What this task involves.
The required output is the lines below from the line containing "Dio c'è ? (feat. Il Capo) [Explicit]" to the line containing "Episode 24: When", inclusive, retyped exactly. No other lines belong in it.

[Given data — start]

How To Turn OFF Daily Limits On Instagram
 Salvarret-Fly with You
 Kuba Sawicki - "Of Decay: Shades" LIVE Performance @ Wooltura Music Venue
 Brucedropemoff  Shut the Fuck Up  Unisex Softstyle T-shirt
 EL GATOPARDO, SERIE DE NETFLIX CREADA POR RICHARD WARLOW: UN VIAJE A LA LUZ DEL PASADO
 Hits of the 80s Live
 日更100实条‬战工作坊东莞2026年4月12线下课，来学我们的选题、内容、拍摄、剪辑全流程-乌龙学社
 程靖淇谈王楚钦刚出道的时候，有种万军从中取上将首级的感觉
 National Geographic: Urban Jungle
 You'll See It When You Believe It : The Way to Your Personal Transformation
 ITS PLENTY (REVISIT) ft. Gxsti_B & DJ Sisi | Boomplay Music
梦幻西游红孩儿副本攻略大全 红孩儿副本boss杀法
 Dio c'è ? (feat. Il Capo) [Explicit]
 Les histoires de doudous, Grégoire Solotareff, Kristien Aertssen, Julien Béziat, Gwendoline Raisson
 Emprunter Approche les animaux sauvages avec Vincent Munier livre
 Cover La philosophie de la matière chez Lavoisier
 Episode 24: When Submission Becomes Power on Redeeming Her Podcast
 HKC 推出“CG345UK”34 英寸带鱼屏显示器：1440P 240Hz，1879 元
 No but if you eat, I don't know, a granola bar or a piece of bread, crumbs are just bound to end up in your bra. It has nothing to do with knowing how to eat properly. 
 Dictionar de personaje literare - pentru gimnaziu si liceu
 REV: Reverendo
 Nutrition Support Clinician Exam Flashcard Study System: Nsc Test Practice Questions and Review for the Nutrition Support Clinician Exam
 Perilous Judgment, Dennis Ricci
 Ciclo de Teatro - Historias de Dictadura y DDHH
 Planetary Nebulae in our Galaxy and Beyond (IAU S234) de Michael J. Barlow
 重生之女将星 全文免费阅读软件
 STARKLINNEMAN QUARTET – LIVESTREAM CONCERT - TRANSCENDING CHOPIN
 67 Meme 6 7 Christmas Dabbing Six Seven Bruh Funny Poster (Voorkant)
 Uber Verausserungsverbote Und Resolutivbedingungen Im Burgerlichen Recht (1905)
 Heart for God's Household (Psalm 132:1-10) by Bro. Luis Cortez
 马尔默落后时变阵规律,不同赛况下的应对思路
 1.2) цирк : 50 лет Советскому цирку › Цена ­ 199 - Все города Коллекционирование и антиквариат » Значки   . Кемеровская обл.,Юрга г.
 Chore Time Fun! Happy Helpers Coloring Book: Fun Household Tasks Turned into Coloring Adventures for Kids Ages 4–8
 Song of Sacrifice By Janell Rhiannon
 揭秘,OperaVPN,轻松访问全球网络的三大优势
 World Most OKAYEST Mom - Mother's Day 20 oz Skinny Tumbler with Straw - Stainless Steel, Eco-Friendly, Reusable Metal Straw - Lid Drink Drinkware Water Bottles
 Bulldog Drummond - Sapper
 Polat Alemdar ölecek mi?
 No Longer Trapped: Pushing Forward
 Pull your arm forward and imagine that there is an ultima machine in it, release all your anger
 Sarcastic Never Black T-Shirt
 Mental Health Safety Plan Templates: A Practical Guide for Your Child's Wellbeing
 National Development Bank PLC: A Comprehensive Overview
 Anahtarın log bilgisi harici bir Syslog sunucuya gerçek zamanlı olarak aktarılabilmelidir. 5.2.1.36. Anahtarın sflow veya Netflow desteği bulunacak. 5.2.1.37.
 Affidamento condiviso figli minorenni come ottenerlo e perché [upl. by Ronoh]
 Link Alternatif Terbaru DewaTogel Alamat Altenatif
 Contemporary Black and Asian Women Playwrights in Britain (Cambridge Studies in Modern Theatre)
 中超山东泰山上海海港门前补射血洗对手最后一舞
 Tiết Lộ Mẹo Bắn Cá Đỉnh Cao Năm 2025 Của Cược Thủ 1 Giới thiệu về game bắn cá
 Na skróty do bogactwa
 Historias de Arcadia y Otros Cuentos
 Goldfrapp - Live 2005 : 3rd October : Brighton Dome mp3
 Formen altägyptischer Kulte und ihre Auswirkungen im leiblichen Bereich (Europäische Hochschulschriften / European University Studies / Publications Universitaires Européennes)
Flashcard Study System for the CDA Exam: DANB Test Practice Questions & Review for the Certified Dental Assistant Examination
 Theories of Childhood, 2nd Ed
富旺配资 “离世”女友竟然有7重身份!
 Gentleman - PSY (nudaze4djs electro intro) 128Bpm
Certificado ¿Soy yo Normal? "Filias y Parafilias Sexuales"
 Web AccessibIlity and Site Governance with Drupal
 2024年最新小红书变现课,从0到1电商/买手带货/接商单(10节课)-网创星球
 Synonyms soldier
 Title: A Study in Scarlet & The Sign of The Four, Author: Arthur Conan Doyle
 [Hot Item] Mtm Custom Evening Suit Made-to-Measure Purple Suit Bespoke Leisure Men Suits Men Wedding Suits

[Given data — finish]

Answer area.
 Dio c'è ? (feat. Il Capo) [Explicit]
 Les histoires de doudous, Grégoire Solotareff, Kristien Aertssen, Julien Béziat, Gwendoline Raisson
 Emprunter Approche les animaux sauvages avec Vincent Munier livre
 Cover La philosophie de la matière chez Lavoisier
 Episode 24: When Submission Becomes Power on Redeeming Her Podcast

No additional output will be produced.